はちまドボク

何かからはみ出した、もうひとつの風景

佐久の上海の現在

長野県佐久市に行く機会を得た。これから長いお付き合いができるようにと、前乗りしてまち歩きをしようと思い立った。行き先を決めるため、まずはGoogleマップを眺めてみたのだが、これがなかなか掴みどころがない。新幹線の停まる佐久平駅周辺は、いかにも新しく整備された平成の街。市役所周辺はどうなんだろうかと航空写真を見てみると、農地がパッチワークのように点在する郊外っぽい風景。どこがこの街のコアなのかがピンとこない。もしやこれは、昭和の大合併によって生まれた市なのかなあと思いながらも、ようやく気になるエリアを見つけた。

それはJR小海線の中込駅前。T字型に展開する、ずいぶん大規模な歩行者専用道路らしき街路がある。何でここにこんなものが。よくわからないモヤモヤした印象を抱えながら、現地に乗り込んだ。すると、第一印象から明確な違和感を憶えた。

日曜の昼下がり、人通りは極端に少ない。明らかに営業していない店舗がやたらと多い。それにしては稼働しているカフェ率が高い気がする。すべてが歩行者専用の空間だと思い込んでいたら、駅側のエリアは一方通行の道と駐車場になっている。昭和感溢れる懐かしい雰囲気の装飾が、建物や作工物にあふれている。同様に昭和感溢れる魅力的なネーミングのお店や魅力的な書体の看板が数多く見られる。それらに混じって、令和の若者が集いそうな謎にオシャレな空間がポツリと現れたりもする。広い街路空間の中央に、濁った水を湛えた水路的演出もある。路面に目をやると、花柄を丁寧にトレースしたカラーコンクリートブロック舗装と、その隙間で生き延びる雑草たちが。さらに裏通りに行くと、街の規模に不釣り合いなほど密集するスナック街に驚く。市街地を一歩離れれば、ゆったりとした敷地の立派な戸建て住宅が並び、水を張ったばかりの水田に感嘆する。

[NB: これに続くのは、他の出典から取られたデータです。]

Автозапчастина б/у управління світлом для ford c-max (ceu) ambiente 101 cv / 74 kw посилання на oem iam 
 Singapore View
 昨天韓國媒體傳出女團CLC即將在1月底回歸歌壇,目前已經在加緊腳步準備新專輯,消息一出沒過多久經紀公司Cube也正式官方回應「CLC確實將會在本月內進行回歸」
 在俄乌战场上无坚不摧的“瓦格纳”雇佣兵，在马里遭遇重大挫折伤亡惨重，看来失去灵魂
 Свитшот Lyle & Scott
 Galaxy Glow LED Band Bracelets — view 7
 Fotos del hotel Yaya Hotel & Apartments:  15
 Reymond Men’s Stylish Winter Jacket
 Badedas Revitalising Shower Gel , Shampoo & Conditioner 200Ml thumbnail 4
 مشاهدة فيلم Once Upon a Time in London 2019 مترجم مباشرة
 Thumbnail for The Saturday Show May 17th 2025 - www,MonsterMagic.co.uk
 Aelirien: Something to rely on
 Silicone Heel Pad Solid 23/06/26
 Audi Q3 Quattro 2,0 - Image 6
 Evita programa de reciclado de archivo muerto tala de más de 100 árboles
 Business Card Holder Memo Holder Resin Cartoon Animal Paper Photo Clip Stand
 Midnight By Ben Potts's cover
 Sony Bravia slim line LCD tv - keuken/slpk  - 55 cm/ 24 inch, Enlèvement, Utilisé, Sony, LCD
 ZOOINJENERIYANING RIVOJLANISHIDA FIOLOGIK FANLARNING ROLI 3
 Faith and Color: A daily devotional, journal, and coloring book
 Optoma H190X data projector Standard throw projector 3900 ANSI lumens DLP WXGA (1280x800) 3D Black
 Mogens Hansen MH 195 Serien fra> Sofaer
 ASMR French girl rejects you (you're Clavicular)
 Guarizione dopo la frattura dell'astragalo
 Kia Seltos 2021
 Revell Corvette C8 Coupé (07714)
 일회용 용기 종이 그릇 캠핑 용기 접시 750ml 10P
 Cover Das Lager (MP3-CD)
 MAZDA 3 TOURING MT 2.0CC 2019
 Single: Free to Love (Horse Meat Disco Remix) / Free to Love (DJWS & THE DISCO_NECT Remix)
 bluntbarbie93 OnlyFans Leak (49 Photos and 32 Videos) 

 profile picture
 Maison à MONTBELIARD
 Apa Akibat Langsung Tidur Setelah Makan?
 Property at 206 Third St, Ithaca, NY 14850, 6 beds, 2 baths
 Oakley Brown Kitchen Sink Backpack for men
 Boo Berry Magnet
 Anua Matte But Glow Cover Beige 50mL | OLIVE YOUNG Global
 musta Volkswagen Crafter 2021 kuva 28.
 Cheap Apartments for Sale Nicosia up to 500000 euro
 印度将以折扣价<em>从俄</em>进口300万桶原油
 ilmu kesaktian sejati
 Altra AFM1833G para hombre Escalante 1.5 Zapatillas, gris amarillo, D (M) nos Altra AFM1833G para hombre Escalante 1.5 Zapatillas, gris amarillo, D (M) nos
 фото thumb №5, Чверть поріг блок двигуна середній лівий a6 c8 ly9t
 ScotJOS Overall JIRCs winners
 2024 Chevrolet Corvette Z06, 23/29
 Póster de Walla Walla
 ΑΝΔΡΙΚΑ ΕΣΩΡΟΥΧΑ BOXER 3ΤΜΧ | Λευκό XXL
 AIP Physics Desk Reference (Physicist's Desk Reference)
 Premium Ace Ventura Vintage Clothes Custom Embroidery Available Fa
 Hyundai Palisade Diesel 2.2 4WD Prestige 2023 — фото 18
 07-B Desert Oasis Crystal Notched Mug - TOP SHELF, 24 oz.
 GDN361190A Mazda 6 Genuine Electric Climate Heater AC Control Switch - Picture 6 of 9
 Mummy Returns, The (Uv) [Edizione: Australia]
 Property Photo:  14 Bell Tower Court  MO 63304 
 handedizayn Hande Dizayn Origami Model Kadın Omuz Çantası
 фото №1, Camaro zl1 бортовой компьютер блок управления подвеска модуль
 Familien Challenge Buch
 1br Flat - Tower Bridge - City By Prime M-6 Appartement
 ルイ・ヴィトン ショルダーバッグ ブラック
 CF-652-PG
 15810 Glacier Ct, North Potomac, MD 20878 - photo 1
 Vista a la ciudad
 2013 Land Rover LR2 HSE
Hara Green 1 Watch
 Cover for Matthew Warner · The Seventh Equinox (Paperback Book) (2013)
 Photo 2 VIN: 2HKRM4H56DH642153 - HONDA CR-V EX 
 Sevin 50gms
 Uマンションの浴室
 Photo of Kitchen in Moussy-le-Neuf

なんというか、寂寥感はあるけど、悲壮感はあまりない。単なる「衰退」とは少し毛色が違う印象なんだよな。これってどういうことなんだろうと思いながら、ホテルのフロントでオススメされた居酒屋に行ってみた。地元の日本酒を飲みながらお店の方と話していると、隣に座っていた御年82歳になる街の生き字引的老人を紹介してくださった。たいへんありがたいことに、彼のレクチャーによって僕の違和感は氷解し、本当に楽しい時間を過ごすことができた。

この街は大正期の小海線の開通によって、物資集散の拠点として爆発的に発展した。それは自然発生的なもので、カオスを伴うものだったようだ。どうやら彼が20歳になる前まで赤線もあったらしい。それが昭和50年前後に、迷路のようだった市街地を「土地区画整理事業」と「商店街近代化事業」によって大きく再構築したとのこと。それこそが昼間に歩いた「グリーンモール」の正体だった。当時、この規模の地方都市でこれほど先進的なモール化を行うのは異例であり、全国から視察が相次いだという。実際に「佐久の上海」と称されるほど、大いに賑わっていたらしい。

そこからの転機は、新幹線の開通だった。物流人流拠点としての機能はごっそり佐久平駅周辺に移動し、かつての繁栄は失われた。特に物販の店舗への影響は大きく、営業をやめた店舗が増えたとのこと。しかし、上階の住居には高齢化した店主が住み続けているので、人口減少は見た目ほどではないそうだ。料飲の店舗はかつての勢いはないにせよ、横ばいとのこと。なるほど、この居酒屋にもしっかりお客さんが入っているもんな。そして現在、グリーンモールのリニューアルプロジェクトが新たにはじまっているという。

中込の街は、日本の社会が直面している課題を常に「先取り」してきたんだな。その風景を眺めることで、次の社会に向けてのヒントが得られるかもしれないんだな。このタイミングで全国からこぞって視察に来てもいいわけだ。現地を自分自身で体験し、現地の方にお話しを伺うことで、いろんなことが腑に落ちた。実にいい旅になったな。